(Beginning of Given material)

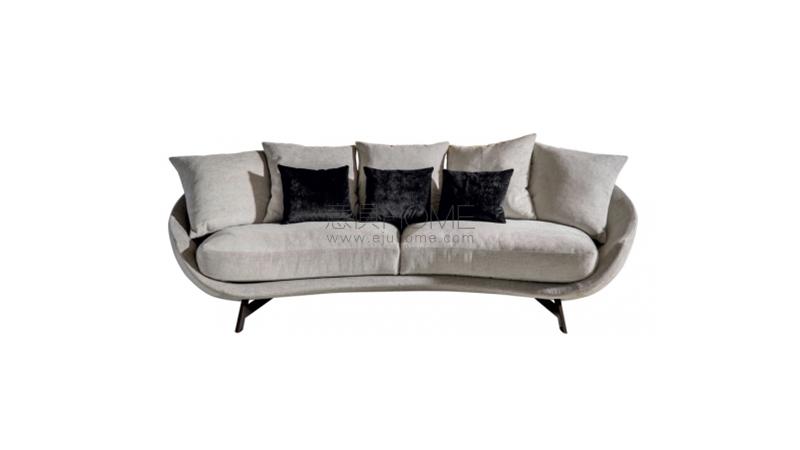 DESIREEavì es沙發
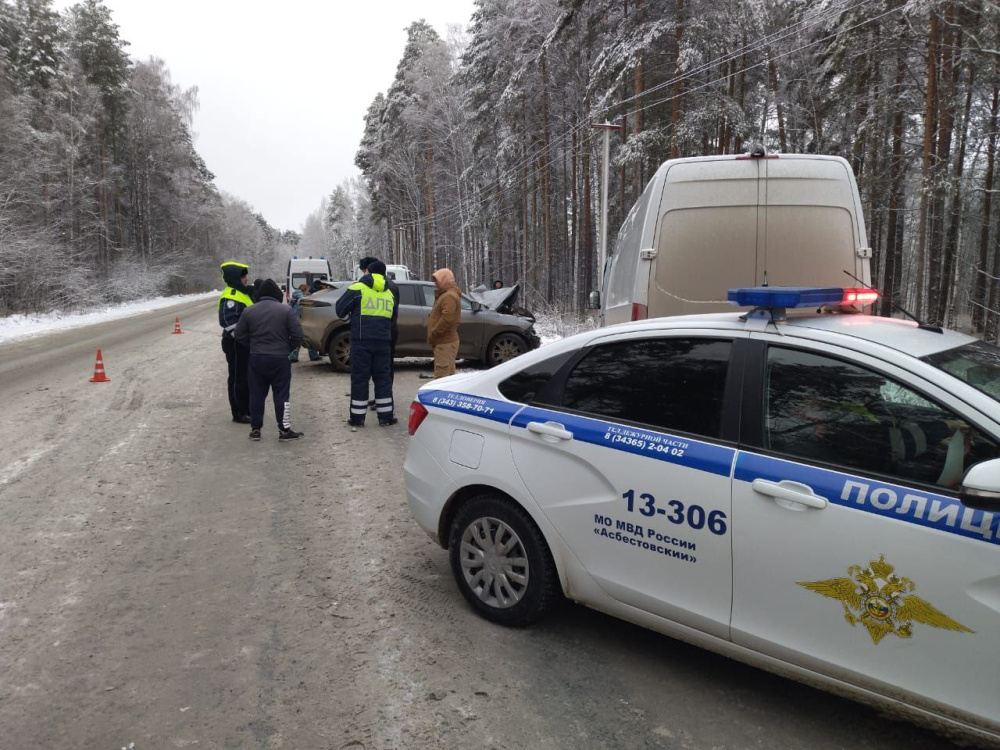 ДТП под Асбестом: занос на обледеневшей дороге привел к лобовому столкновению | Два автомобиля столкнулись на трассе Асбест – Белокаменный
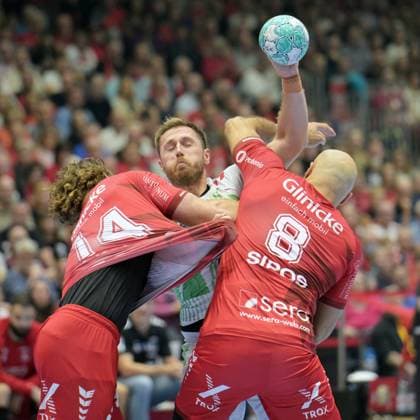 Albin Lagergren, SC Magdeburg 21 (on the ball), Johannes Golla, MT Melsungen 14 (L), Adrian Sipos, MT Melsungen 8, GER, MT Melsungen vs. SC Magdeburg, Handball, 1st Bundesliga, Matchday 5, 2026–2027 Season, September 20, 2026, GER, MT Melsungen vs. SC Magdeburg, Handball, 1st Bundesliga, Matchday 5, 2026–2027 season, September 20, 2026, Kassel Copyright: xEibner-Pressefotox xRolandxSippelx EP_RSL
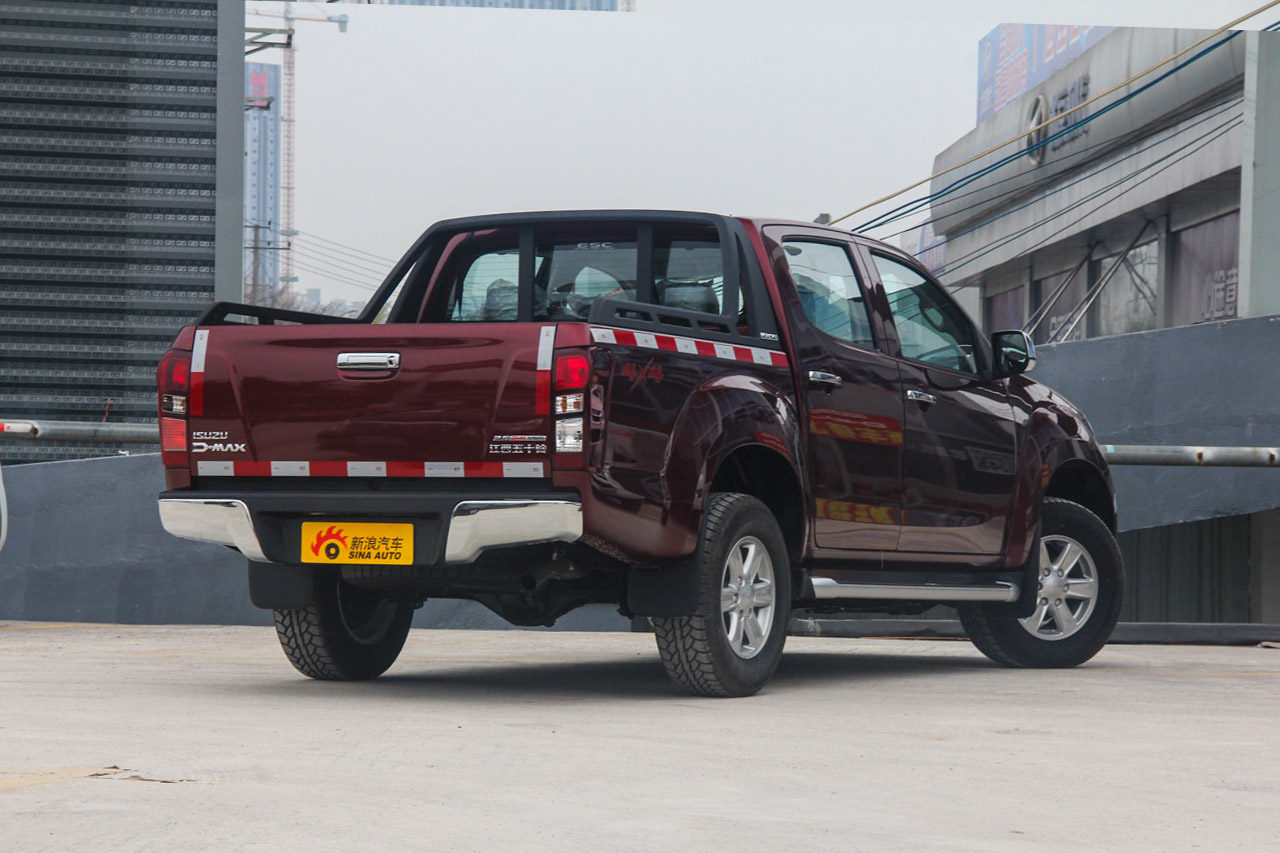 2015款五十铃d-max 2.5t自动四驱超豪华型_新浪汽车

(End of Given material)

| What you have to do |
Everything from the opening line of the data through the line with "ДТП под Асбестом: занос" should be repeated exactly; leave the pictures out.

| Written response |
 DESIREEavì es沙發
 ДТП под Асбестом: занос на обледеневшей дороге привел к лобовому столкновению | Два автомобиля столкнулись на трассе Асбест – Белокаменный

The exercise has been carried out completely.